WHAT TO WORK ON = Each line of the records containing "blue" is to be copied out and returned.

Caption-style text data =
──────────────────────────────

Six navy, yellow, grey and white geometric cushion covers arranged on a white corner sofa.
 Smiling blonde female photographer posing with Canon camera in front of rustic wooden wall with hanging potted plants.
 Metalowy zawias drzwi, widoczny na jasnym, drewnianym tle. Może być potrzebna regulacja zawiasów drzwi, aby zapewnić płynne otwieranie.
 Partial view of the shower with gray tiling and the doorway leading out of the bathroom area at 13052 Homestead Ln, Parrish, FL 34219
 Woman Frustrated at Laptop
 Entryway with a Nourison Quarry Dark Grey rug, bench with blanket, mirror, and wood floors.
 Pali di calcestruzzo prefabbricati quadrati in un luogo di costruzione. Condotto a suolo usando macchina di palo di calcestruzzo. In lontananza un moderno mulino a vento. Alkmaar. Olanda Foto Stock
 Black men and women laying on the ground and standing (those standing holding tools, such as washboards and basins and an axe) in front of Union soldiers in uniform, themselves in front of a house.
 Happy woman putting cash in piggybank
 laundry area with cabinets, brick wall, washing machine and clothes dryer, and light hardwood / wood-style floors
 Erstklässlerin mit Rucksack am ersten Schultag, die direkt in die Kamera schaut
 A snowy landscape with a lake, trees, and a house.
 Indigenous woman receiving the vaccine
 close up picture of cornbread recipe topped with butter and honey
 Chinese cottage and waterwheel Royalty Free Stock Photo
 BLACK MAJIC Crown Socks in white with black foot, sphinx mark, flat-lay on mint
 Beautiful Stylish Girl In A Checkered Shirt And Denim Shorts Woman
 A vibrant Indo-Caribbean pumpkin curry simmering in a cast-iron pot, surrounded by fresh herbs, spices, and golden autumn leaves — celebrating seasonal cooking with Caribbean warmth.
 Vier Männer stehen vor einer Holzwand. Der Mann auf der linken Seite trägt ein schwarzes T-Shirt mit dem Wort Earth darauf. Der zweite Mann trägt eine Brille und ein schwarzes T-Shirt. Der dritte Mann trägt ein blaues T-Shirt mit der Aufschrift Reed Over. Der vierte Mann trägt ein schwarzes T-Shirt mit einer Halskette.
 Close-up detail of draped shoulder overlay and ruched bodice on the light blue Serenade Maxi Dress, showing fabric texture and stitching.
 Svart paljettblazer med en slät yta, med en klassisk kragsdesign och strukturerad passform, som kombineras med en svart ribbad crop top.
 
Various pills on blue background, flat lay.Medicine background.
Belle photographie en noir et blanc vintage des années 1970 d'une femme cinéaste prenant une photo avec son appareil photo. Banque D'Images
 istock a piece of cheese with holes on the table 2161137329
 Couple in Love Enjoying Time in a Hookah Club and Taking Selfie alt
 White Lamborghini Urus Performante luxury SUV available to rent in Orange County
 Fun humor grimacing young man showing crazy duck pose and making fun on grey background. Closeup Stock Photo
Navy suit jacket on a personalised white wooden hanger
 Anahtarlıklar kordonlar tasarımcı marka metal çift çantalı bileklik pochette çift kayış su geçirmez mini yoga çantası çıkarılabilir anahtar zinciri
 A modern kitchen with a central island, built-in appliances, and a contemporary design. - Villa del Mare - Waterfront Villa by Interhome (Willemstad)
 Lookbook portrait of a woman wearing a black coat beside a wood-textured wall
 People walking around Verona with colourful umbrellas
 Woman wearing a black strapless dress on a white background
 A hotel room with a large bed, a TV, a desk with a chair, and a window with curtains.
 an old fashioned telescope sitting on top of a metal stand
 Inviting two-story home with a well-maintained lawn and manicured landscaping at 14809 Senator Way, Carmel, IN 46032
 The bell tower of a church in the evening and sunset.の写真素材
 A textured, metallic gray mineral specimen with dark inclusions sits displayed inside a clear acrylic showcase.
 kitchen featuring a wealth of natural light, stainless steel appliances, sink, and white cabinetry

──────────────────────────────

RESPONSE TO THE TASK =
 Close-up detail of draped shoulder overlay and ruched bodice on the light blue Serenade Maxi Dress, showing fabric texture and stitching.
Various pills on blue background, flat lay.Medicine background.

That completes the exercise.